Difference in criminal and civil procedures
Most countries make a rather clear distinction between civil and criminal procedures. For example, an English criminal court may force a defendant to pay a fine as punishment for his crime, and he may sometimes have to pay the legal costs of the prosecution. But the victim of the crime pursues his claim for compensation in a civil, not a criminal, action. In France, Italy, and many countries besides, the victim of a crime (known as the “injured party”) may be awarded damages by a criminal court judge.

The standards of proof are higher in a criminal action than in a civil one since the loser risks not only financial penalties but also being sent to prison (or, in some countries, executed). In English law the prosecution must prove the guilt of a criminal “beyond reasonable doubt”; but the plaintiff in a civil action is required to prove his case “on the balance of probabilities. “Beyond reasonable doubt” is not defined for the jury which decides the verdict, but it has been said by appeal courts that proving guilt beyond reasonable doubt requires the prosecution to exclude any reasonable hypothesis consistent with innocence: Plomp v. R. In a civil case, however, the court simply weighs the evidence and decides what is most probable.
Criminal and civil procedure are different. Although some systems, including the English, allow a private citizen to bring a criminal prosecution against another citizen, criminal actions are nearly always started by the state. Civil actions, on the other hand, are usually started by individuals.

In Anglo-American law, the party bringing a criminal action (that is, in most cases, the state) is called the prosecution, but the party bringing a civil action is the plaintiff. In both kinds of action the other party is known as the defendant. A criminal case against a person called Ms. Sanchez would be described as “United States vs. (=versus, or against) Sanchez” in the United States if initiated by the federal government; if initiated by a state, it would typically be called “[Name of the State] vs. Sanchez” or “The People vs. Sanchez.” In England, it would be styled “R. (Regina, that is, the Queen) vs. Sanchez.” But a civil action between Ms. Sanchez and a Mr. Smith would be “Sanchez vs. Smith” if started by Sanchez, and “Smith vs. Sanchez” if started by Mr. Smith.

Evidence given at a criminal trial is not necessarily admissible in a civil action about the same matter, just as evidence given in a civil cause is not necessarily admissible on a criminal trial. For example, the victim of a road accident does not directly benefit if the driver who injured him is found guilty of the crime of careless driving. He still has to prove his case in a civil action. In fact he may be able to prove his civil case even when the driver is found not guilty in the criminal trial. If the accused has given evidence on his trial he may be cross-examined on those statements in a subsequent civil action regardless of the criminal verdict.

Once the plaintiff has shown that the defendant is liable, the main argument in a civil court is about the amount of money, or damages, which the defendant should pay to the plaintiff.

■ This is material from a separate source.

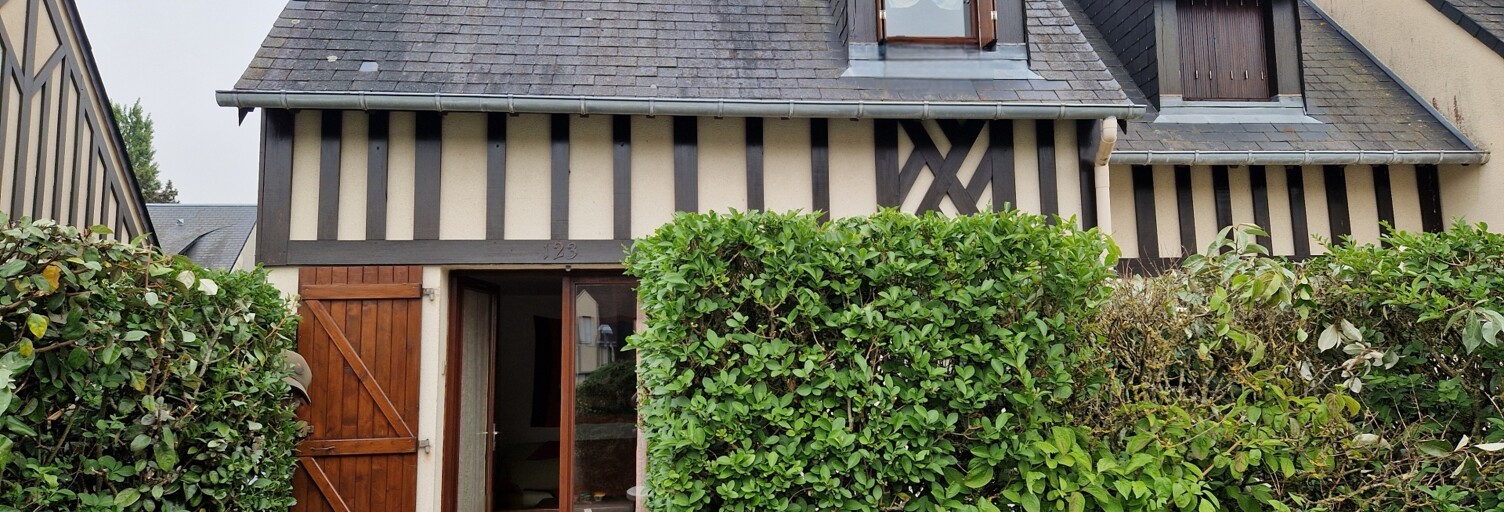 Maison 4 Pièces 32 m² à vendre à Cabourg (14390)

Differences between civil law and common law systems
The majority of civil law jurisdictions (’civil law’ as a type of law system, not as opposed to criminal law) follow an inquisitorial system of adjudication, in which judges undertake an active investigation of the claims by examining the evidence at the trial (while other judges contribute likewise by preparing reports).

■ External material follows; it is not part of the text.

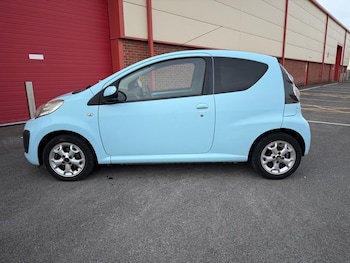 Used Citroen C1 2012 for sale - 79530516: Photo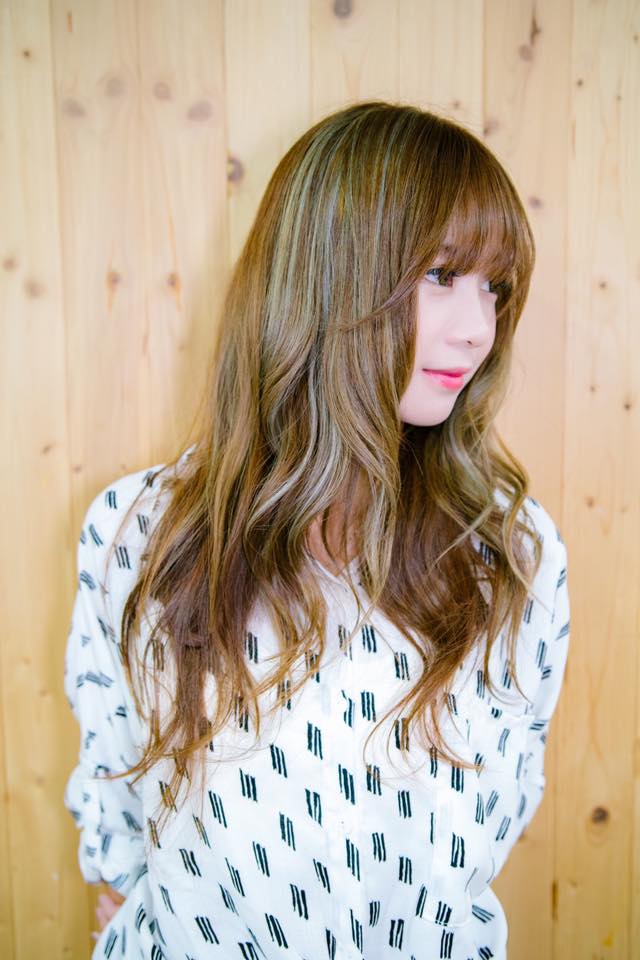 台中染髮,一中街染髮,台中燙髮,一中街剪髮,髮色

In common law systems, the trial judge presides over proceedings grounded in the adversarial system of dispute resolution, where both the prosecution and the defence prepare arguments to be presented before the court. Some civil law systems have adopted adversarial procedures.

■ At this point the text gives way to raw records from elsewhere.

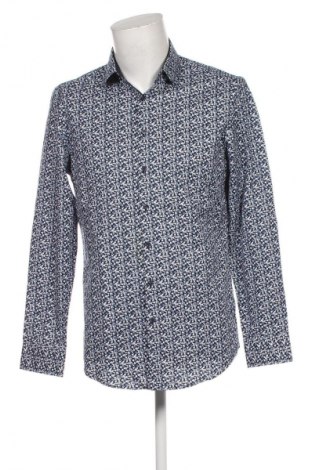 Herrenhemd Jake*s, Größe M, Farbe Mehrfarbig, Preis € 17,32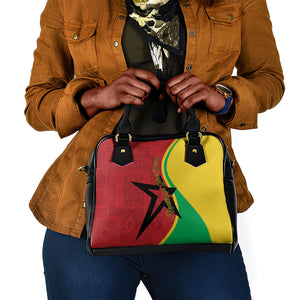 Guinea-Bissau Shoulder Handbag Happy Independence Day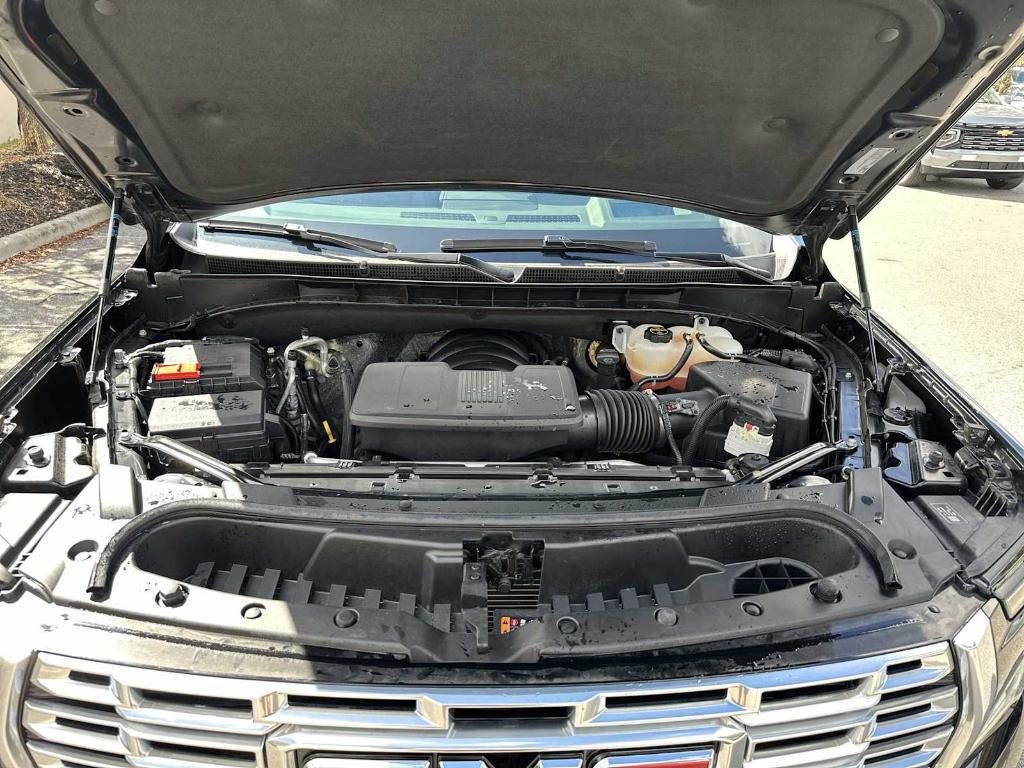 2025 Onyx Black GMC Yukon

Proponents of either system tend to consider that their system defends best the rights of the innocent. There is a tendency in common law countries to believe that civil law / inquisitorial systems do not have the so-called “presumption of innocence”, and do not provide the defence with adequate rights. Conversely, there is a tendency in countries with an inquisitorial system to believe that accusatorial proceedings unduly favour rich defendants who can afford large legal teams, and are very harsh on poorer defendants.